There has been a fair bit of momentum built up on expectations from the government on the policy front. However, it is difficult to gauge how far or how long such moves could last. We could see a further upside from current levels if the government makes some announcements. Yet, realistically, we shouldn't expect many policy announcements in this "short" window of opportunity.
We are very surprised by the foreign institutional investor (FII) flows, though, there remains a question mark on the quality of FIIs coming in. Most of the well known FIIs are not very bullish on India. They are ‘equal’ or ‘underweight’ on India in their emerging market allocation. On the other hand, giving the benefit of doubt, FIIs could look to increase emerging market weight amidst sustained concern on a global slowdown, as these markets offer growth, even if it is lower than last year's.
However, earnings are slowing down with consensus growth estimates in single-digit for financial year 2013. It will also not be a uniform single-digit for all four quarters. The initial quarters may see negative to marginal growth, with a pick-up likely in the latter part of the fiscal. The worst quarter, we believe, will be September because this time Diwali is deferred by one month. So, a lot of sales will get postponed to the third quarter rather than the second quarter and the high base effect of last year may make the September quarter numbers skewed.
We face twin challenges as an economy.

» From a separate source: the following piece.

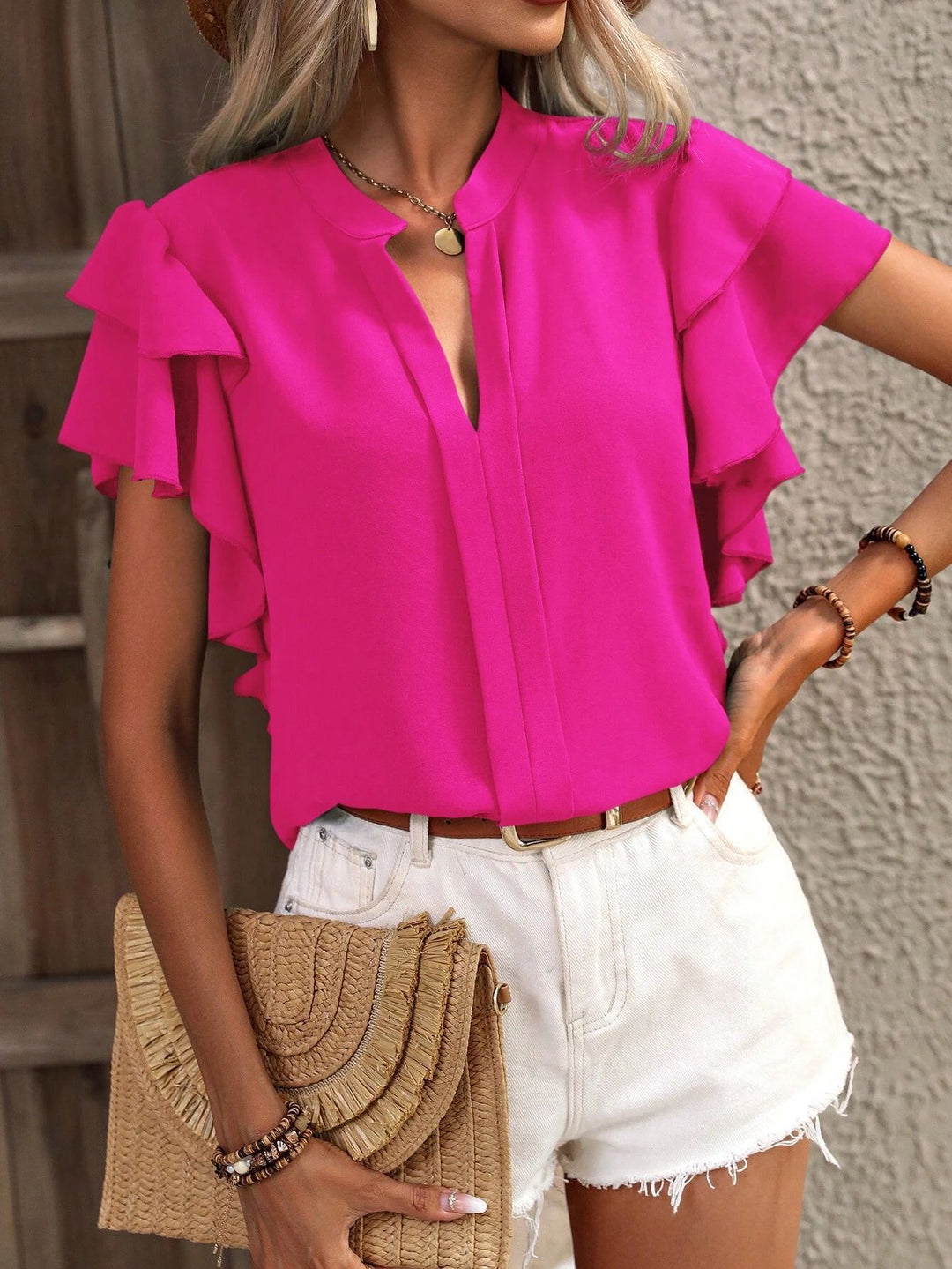 Women Elegant top with voluminous ruffled sleeves and V-neck Lune London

First, our growth rates are slowing down and the investment cycle has more or less broken down. Secondly, domestic consumption has led to inflation sustaining at over six per cent, which has led to RBI keeping interest rates high. Thus, the government needs to contain consumption and boost investments. Fiscal consolidation is imperative from the government to move the needle on the inflation front, to nudge RBI to start cutting interest rates. On the other hand, to kick-start the investment cycle, it would be critical to bring clarity on policy measures, especially for sectors like power, telecom and mining. This would make investors feel comfortable that after having invested/or committing significant capital, policies are stable enough for them to earn reasonable returns.

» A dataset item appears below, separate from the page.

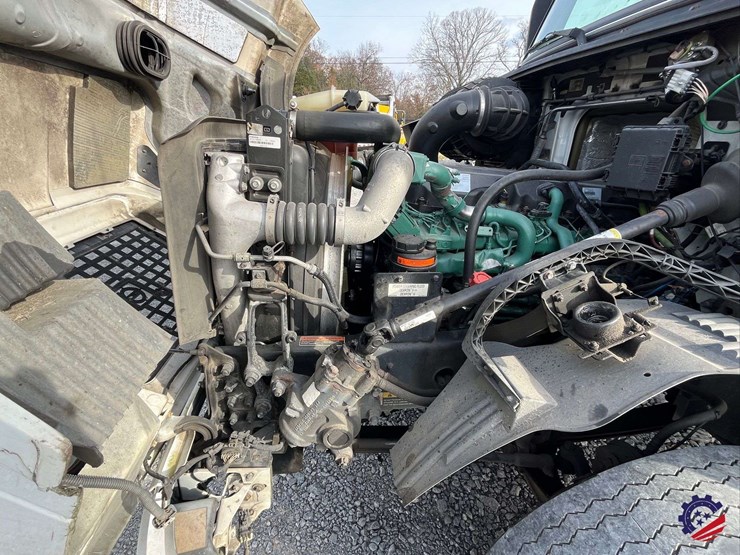 2016-volvo-d11-s/a-truck-tractor-image-41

We hope the economy improves in the second half of FY13. This has led us to increase the beta of our portfolios, albeit in a gradual manner. Last year, we were at a beta of less than 0.70, now we are at 0.84. However, our tilt is still in favour of domestic consumption plays. Though the infra/investment theme holds potential, the environment isn’t yet conducive. Staying away from smaller companies (in the infra space) would also be a good thing for now. For investors, the current scenario where fixed income offers high single digit returns, the relevance of investing in equity may be low or negligible. However, in the past, investing in equities at current valuations has generated returns exceeding fixed income, if the investor was willing to remain invested for a period exceeding 30 months.